For this purpose, a checklist has been developed in order

  1. 1.

    to analyze and evaluate the design quality of alarm systems and alarm management in different control rooms and within various sectors of industry and

  2. 2.

    to derive hints for potential improvements or needs for action to implement design requirements and recommendations where appropriate.

2 Methods

2.1 Checklist Development

The design of the computerized checklist was based on the results of a feasibility study carried out in 2008/2009 in six control rooms from three chemical companies [12, 13].

For the present study, an extended knowledge base has been further established based on a systematic review of individual design requirements from relevant ergonomics literature as well as relevant guidelines, normative provisions and specifications [e.g. 2, 5,6,7,8, 14, 15]. Potentially relevant design requirements were collated, summarized and structured into thematic areas, such as design of alarm systems (e.g. prioritization), design of operator requirements (e.g. operator performance limits) and design of alarm management (e.g. performance monitoring and improvements).

A complete evaluation of all potentially relevant characteristics for an alarm system was not possible for technical, temporal and financial reasons; an operationalization of all existing requirements is further impossible due to the singularities of each control system and the process under control. Therefore, a sample of prominent and substantial characteristics from the knowledge base was selected by expert reviewers in a multi-staged process and transferred into easily usable items. All items were transferred into questions and were supplemented by examples and notes. The answer categories in the checklist were either pass/fail decisions (yes/no) or decisions for traffic light categories (‘Green’ = good design, requirement fulfilled, ‘Yellow’ = design basically OK, but better solutions would be conceivable, ‘Red’ = unsatisfactory design solution calling for improvement).

The computerized checklist was implemented as (1) an offline version using a portable computer and (2) an online version provided by a browser via internet.

2.2 Checklist Suitability

The usability of the checklist was tested in a multi-step procedure. A draft version of the checklist was presented to experts in ergonomics and human factors. The review resulted in a final draft version with several amendments (e.g. new and deleted items, rephrasing of questions and examples).

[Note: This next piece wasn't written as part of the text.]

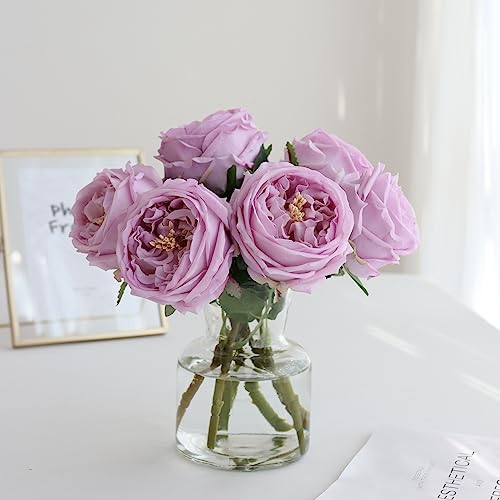 grtefhu 6Pcs Fake Austin Rose Peonies Flowers with Vase Clear Glass Vase with Pink Real Touch Peonies Artificial Flowers Home DecorPink - Image 1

This final draft of the checklist was tested for usability in operational use by a senior member of staff from a chemical company and by two human factors and ergonomics experts (HF/E experts). The senior staff member was asked to go through the checklist, read each checklist characteristic carefully and write a comment in the event of ambiguities, misleading wording, doubling etc. The HF/E experts were required to apply the checklist in a typical control room within the chemical industry under realistic investigation conditions and comment about structure, content and checklist design.

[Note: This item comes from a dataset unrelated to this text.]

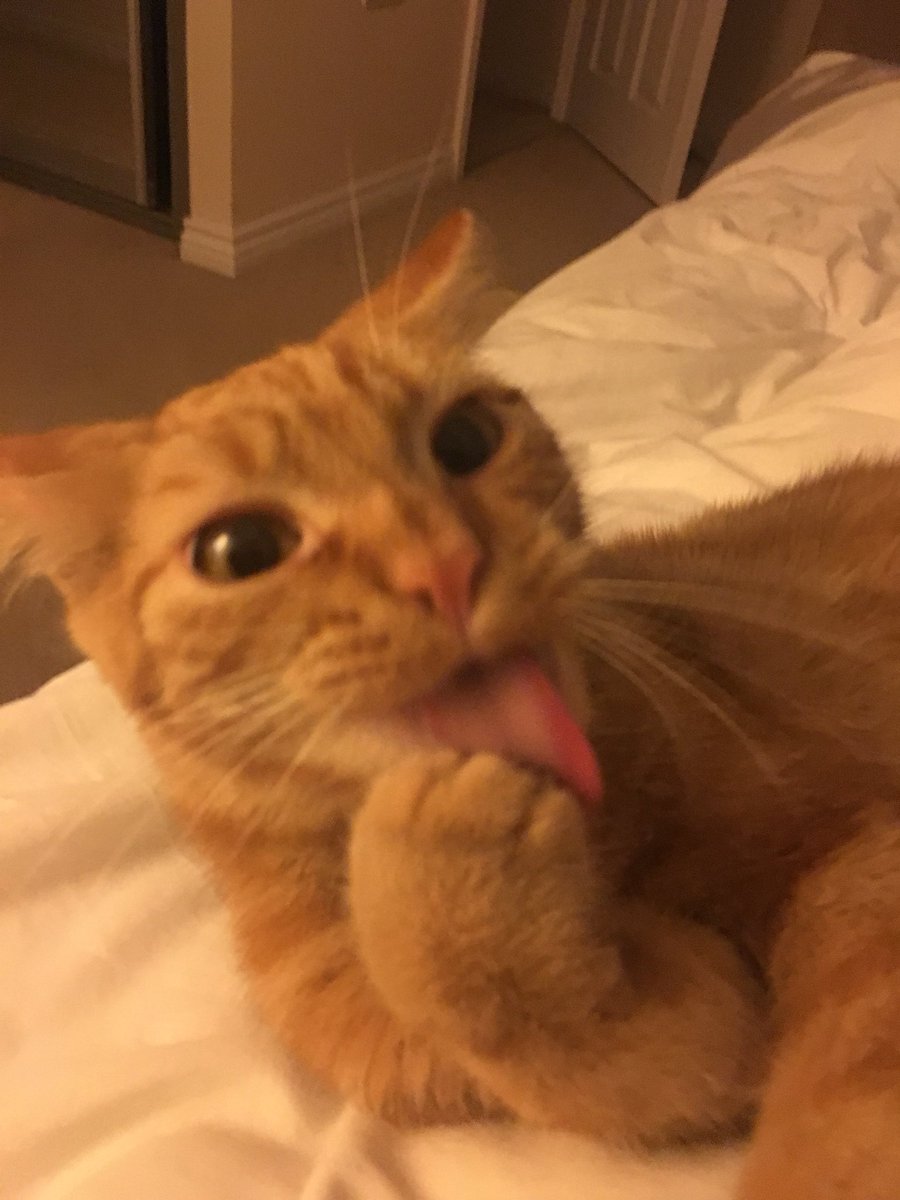 CPBirmACcat's tweet image. So I’m exhausted from a days #blepping 😴 but here’s my PA getting her Claude on for #TongueOutTuesday &amp;amp; one of her two rescue cats Mylo! My PA is our volunteer team leader recruiting, managing &amp;amp; supporting our amazing volunteers 😻👅❤️ #CharityTuesday #lordclaude #sleepy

Comments and suggestions for improvement by both parties were subsequently discussed by the above mentioned expert group. Final adjustments (e.g. reduced ambiguity of questions through rephrasing, refining and supplementing examples) resulted in the final version for the presented study.

The final version of the checklist contains 148 items, assigned to the following design areas:

  1. 1.

    Alarm generation/alerting

  2. 2.

    Alarm presentation

  3. 3.

    Alarm prioritization

  4. 4.

    Alarm system functionalities and technical measures

  5. 5.

    Operator performance limits

  6. 6.

    Action guidelines and system interactions

  7. 7.

    Control and feedback

  8. 8.

    Alarm culture and alarm philosophy

  9. 9.

    Continuous improvement

  10. 10.

    Documentation

  11. 11.

    Training

2.3 Checklist Application

Application of the checklist in control rooms required several methods of data collection, such as observation, visual inspection, interviews with control room operators and supervisors, physical measurements and document analyses.

In total, alarm systems have been investigated at 15 workplaces in different control rooms in 12 companies from three industrial sectors, i.e. electrical power generation and distribution, food industry and chemical industry.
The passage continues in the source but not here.